Der Westen sollte sich durch die scheinbare Dialogbereitschaft keinesfalls täuschen lassen. Russlands Führung benötigt unbedingt eine längere Kampfpause. Die Friedensverhandlungen würden Putin die Möglichkeit eröffnen, sein Machtsystem zu stabilisieren und die einflussreichen Vertreter der "Partei des Krieges" in die engen innenpolitischen Schranken zu weisen. Gleichzeitig würde der Kreml versuchen, die Atempause dazu zu nutzen, die angeschlagenen russischen Truppen aufzustocken, auszurüsten und Offensivoperationen im Osten und Süden der Ukraine vorzubereiten. Die Vereinbarungen zwischen Moskau und Teheran über den Bau von Kamikaze-Drohnen liefern einen gewichtigen Indizienbeweis für die potenziellen Kriegspläne des Kreml.

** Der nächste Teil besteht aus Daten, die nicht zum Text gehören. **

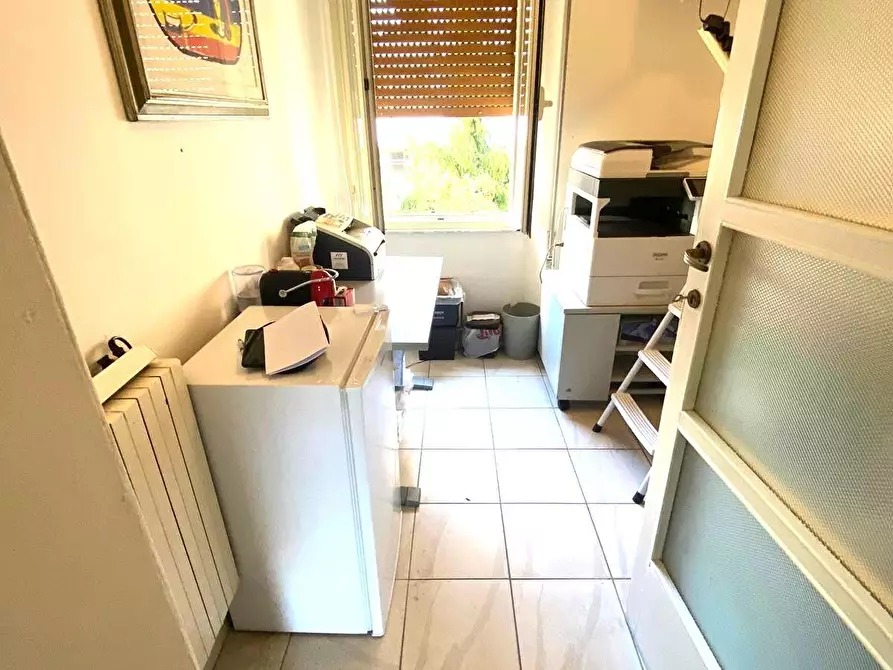 Immagine 8 di Appartamento in vendita  a Massa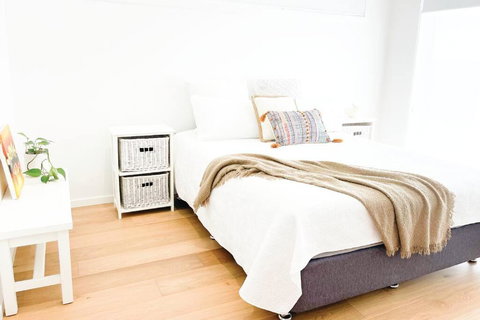 Red Brick Central Retreat - Food Delivery Shop 3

So begrüßenswert ein Einfrieren des Konfliktes und eine Rückkehr an den Verhandlungstisch auch sein mögen, werden diese Maßnahmen allein keine dauerhafte Konfliktlösung erlauben. Ohne nachhaltige Sicherheitsgarantien für die Ukraine könnten die Kampfhandlungen schon bald wiederaufflammen. Ob der Westen den weitreichenden Sicherheitsgarantien auch zustimmen wird, ist allerdings ernsthaft in Zweifel zu ziehen.
Eine wesentliche Forderung der Ukraine dürfte im erneuten Konfliktfall die Errichtung einer Flugverbotszone sein. Theoretisch ist dies eine wirksame, im Vergleich zu einer Bodenoperation kostengünstige und mit geringem Risiko verbundene Möglichkeit, die Zivilisten zu schützen. Eine praktische Umsetzung ist allerdings kaum vorstellbar. Eine Flugverbotszone würde einen Eintritt der Nato in den Krieg bedeuten und von Russland mit Sicherheit als eine Kriegserklärung ausgelegt werden. Die Sicherheit der Nato-Streitkräfte könnte keinesfalls gewährleitstet werden, nicht zuletzt aufgrund der auf dem Territorium Russlands und der Republik Belarus stationierten Flugabwehrsysteme, welche zunächst eliminiert werden müssten. Eine für eine rechtlich belastbare Errichtung einer Flugverbotszone notwendige UNO-Sicherheitsratsresolution ist angesichts des sicheren Vetos von Seiten Russlands und Chinas nicht zu erwarten. Aus den genannten Gründen lehnt die Nato die Errichtung einer Flugverbotszone seit Beginn der aktuellen Kriegsphase strikt ab.
Unglücklicherweise scheint vor diesem Hintergrund ein baldiger Frieden alles andere als erreichbar oder auch nur absehbar zu sein.